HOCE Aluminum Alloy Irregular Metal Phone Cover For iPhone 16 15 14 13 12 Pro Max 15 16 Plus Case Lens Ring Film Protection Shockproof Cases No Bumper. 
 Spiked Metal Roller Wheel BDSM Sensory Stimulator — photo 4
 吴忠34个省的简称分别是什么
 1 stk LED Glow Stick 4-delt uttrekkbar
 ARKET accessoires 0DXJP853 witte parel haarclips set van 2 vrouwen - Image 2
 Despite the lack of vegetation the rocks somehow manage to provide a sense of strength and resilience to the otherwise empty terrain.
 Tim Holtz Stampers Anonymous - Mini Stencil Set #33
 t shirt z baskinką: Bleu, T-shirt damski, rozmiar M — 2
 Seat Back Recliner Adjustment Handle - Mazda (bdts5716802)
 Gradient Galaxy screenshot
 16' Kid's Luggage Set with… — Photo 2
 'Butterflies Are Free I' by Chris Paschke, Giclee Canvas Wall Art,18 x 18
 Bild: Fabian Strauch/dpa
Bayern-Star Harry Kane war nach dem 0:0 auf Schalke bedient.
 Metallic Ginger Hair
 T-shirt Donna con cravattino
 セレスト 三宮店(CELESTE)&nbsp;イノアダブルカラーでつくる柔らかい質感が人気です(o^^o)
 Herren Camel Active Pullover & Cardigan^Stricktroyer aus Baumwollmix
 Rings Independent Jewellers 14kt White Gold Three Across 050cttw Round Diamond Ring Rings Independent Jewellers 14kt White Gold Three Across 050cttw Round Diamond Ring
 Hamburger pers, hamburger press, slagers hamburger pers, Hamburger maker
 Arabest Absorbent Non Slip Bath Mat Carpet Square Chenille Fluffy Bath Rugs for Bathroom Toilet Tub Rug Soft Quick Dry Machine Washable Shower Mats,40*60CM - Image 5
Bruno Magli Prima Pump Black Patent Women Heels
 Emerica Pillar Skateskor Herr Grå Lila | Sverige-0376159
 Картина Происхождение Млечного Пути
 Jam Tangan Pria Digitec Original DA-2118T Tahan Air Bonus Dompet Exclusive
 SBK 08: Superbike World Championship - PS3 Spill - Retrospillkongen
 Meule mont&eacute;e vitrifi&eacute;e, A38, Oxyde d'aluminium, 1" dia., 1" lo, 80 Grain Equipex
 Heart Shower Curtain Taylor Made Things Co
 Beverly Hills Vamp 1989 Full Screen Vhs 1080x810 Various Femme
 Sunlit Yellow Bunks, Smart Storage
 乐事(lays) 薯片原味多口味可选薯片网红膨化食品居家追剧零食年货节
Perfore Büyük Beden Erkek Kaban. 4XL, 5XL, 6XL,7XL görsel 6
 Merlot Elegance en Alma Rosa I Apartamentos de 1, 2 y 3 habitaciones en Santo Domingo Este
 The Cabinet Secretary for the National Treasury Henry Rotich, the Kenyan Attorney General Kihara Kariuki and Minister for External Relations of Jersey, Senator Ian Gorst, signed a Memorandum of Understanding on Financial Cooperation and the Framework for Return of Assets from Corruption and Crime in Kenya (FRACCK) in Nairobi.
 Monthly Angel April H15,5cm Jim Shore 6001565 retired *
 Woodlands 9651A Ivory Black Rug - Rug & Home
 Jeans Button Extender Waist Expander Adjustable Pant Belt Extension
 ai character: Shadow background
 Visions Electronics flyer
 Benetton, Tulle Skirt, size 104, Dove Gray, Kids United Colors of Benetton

▬▬▬▬▬▬▬▬▬▬

◆ PROMPT ◆
Write a verbatim copy of the listing above.

◆ ANSWER SECTION ◆
HOCE Aluminum Alloy Irregular Metal Phone Cover For iPhone 16 15 14 13 12 Pro Max 15 16 Plus Case Lens Ring Film Protection Shockproof Cases No Bumper. 
 Spiked Metal Roller Wheel BDSM Sensory Stimulator — photo 4
 吴忠34个省的简称分别是什么
 1 stk LED Glow Stick 4-delt uttrekkbar
 ARKET accessoires 0DXJP853 witte parel haarclips set van 2 vrouwen - Image 2
 Despite the lack of vegetation the rocks somehow manage to provide a sense of strength and resilience to the otherwise empty terrain.
 Tim Holtz Stampers Anonymous - Mini Stencil Set #33
 t shirt z baskinką: Bleu, T-shirt damski, rozmiar M — 2
 Seat Back Recliner Adjustment Handle - Mazda (bdts5716802)
 Gradient Galaxy screenshot
 16' Kid's Luggage Set with… — Photo 2
 'Butterflies Are Free I' by Chris Paschke, Giclee Canvas Wall Art,18 x 18
 Bild: Fabian Strauch/dpa
Bayern-Star Harry Kane war nach dem 0:0 auf Schalke bedient.
 Metallic Ginger Hair
 T-shirt Donna con cravattino
 セレスト 三宮店(CELESTE)&nbsp;イノアダブルカラーでつくる柔らかい質感が人気です(o^^o)
 Herren Camel Active Pullover & Cardigan^Stricktroyer aus Baumwollmix
 Rings Independent Jewellers 14kt White Gold Three Across 050cttw Round Diamond Ring Rings Independent Jewellers 14kt White Gold Three Across 050cttw Round Diamond Ring
 Hamburger pers, hamburger press, slagers hamburger pers, Hamburger maker
 Arabest Absorbent Non Slip Bath Mat Carpet Square Chenille Fluffy Bath Rugs for Bathroom Toilet Tub Rug Soft Quick Dry Machine Washable Shower Mats,40*60CM - Image 5
Bruno Magli Prima Pump Black Patent Women Heels
 Emerica Pillar Skateskor Herr Grå Lila | Sverige-0376159
 Картина Происхождение Млечного Пути
 Jam Tangan Pria Digitec Original DA-2118T Tahan Air Bonus Dompet Exclusive
 SBK 08: Superbike World Championship - PS3 Spill - Retrospillkongen
 Meule mont&eacute;e vitrifi&eacute;e, A38, Oxyde d'aluminium, 1" dia., 1" lo, 80 Grain Equipex
 Heart Shower Curtain Taylor Made Things Co
 Beverly Hills Vamp 1989 Full Screen Vhs 1080x810 Various Femme
 Sunlit Yellow Bunks, Smart Storage
 乐事(lays) 薯片原味多口味可选薯片网红膨化食品居家追剧零食年货节
Perfore Büyük Beden Erkek Kaban. 4XL, 5XL, 6XL,7XL görsel 6
 Merlot Elegance en Alma Rosa I Apartamentos de 1, 2 y 3 habitaciones en Santo Domingo Este
 The Cabinet Secretary for the National Treasury Henry Rotich, the Kenyan Attorney General Kihara Kariuki and Minister for External Relations of Jersey, Senator Ian Gorst, signed a Memorandum of Understanding on Financial Cooperation and the Framework for Return of Assets from Corruption and Crime in Kenya (FRACCK) in Nairobi.
 Monthly Angel April H15,5cm Jim Shore 6001565 retired *
 Woodlands 9651A Ivory Black Rug - Rug & Home
 Jeans Button Extender Waist Expander Adjustable Pant Belt Extension
 ai character: Shadow background
 Visions Electronics flyer
 Benetton, Tulle Skirt, size 104, Dove Gray, Kids United Colors of Benetton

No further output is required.